Monday, August 15, 2011

Hope on a treadmill

It's been a rough couple of days. Without going into detail (professional boundaries, and all that sort of thing) it's been the kind of weekend that requires the support of good friends (thanks, guys), and Ben & Jerry's. Luckily, I've had both.

But while the Ben & Jerry's is necessary, it's also a very short term solution to life's problems. It's easy to sit there with your face firmly planted in a pint of Half Baked, consequences be damned, I don't care if I'm downing 1500 calories in one sitting or whether I'll feel sick later.

So the ice cream was only part of my approach. I also went running. That's not a new thing, of course, but that's kind of the point. In the midst of being sad, and physically and emotionally tired, I managed to stick to the marathon training schedule I started in July. This is a low week, schedule-wise, so it was only 3 miles. But still, I found some hope in that half hour on the treadmill.
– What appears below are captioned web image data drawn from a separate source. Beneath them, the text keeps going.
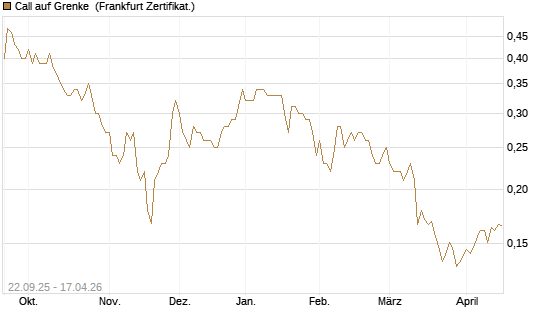 Call auf Grenke [HSBC Trinkaus & Burkhardt GmbH] Chart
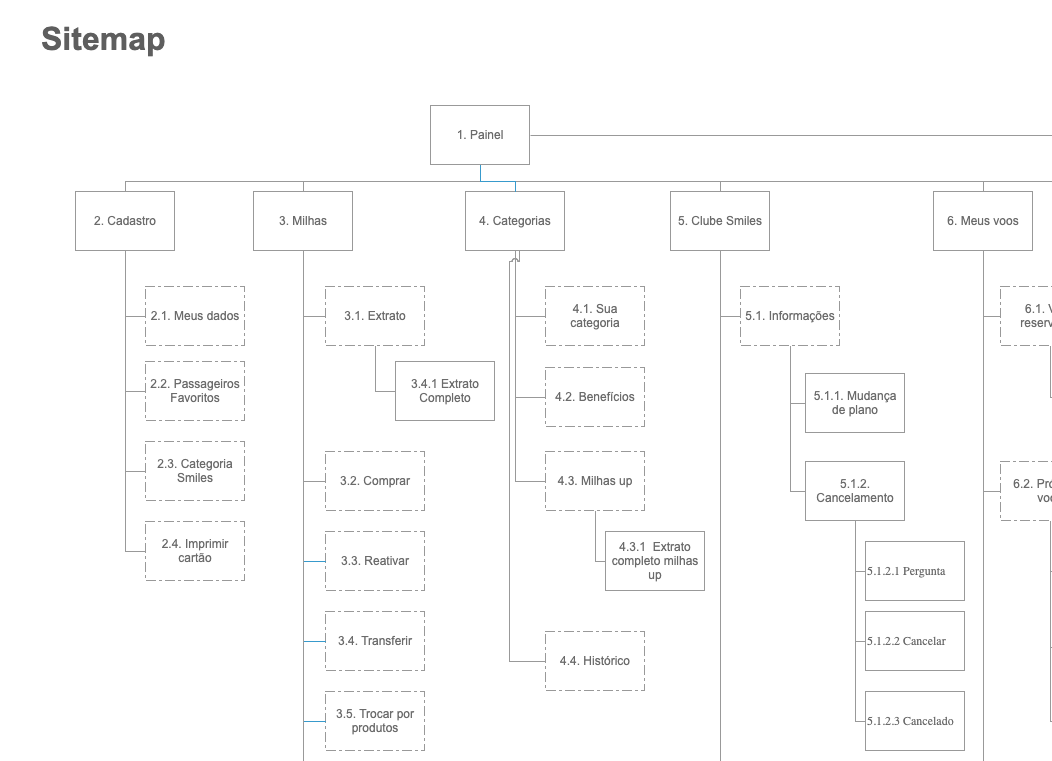 Imagem do sitemap da área administrativa do usuário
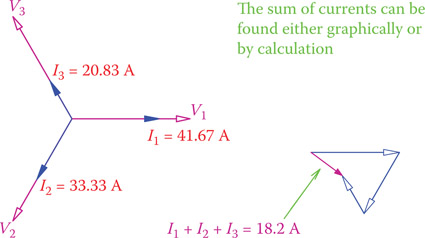 Figure 9.29 Solution of Example 9.14.
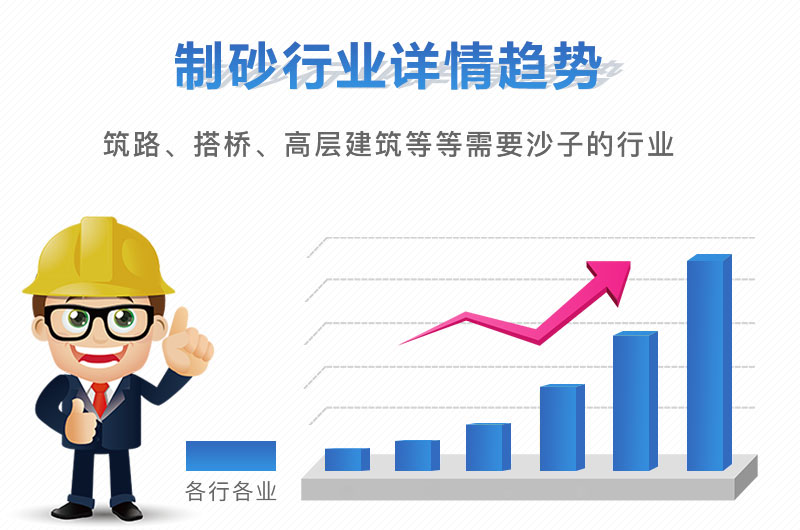 开沙场一年能挣多少钱，砂石设备买回去亏了怎么办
(OK, it was a little more than half an hour. And it might have been the only time I've ever found hope on a treadmill. There was Great Dismal Swamp smoke outside, you see...)

Running, for me, felt a little bit like Jeremiah buying his field at Anathoth (Jer 32:1-15). The land was under siege, and property values had plummeted. It just wasn't a place you bought land anymore. But Jeremiah did. Buying that field was a way of showing he had faith in what the future would bring: that, as God told him, "houses and fields and vineyards shall again be bought in this land."

Things may be a little rough now, but I'm trying to have faith in what the future will bring. And running is a way of doing that. Even a 3 mile run is an investment. It says that in November, no matter what else, I'm going to run a race and I'm going to be proud of myself for it. Fields will be bought again in this land. There's good stuff to come. Let's get started now.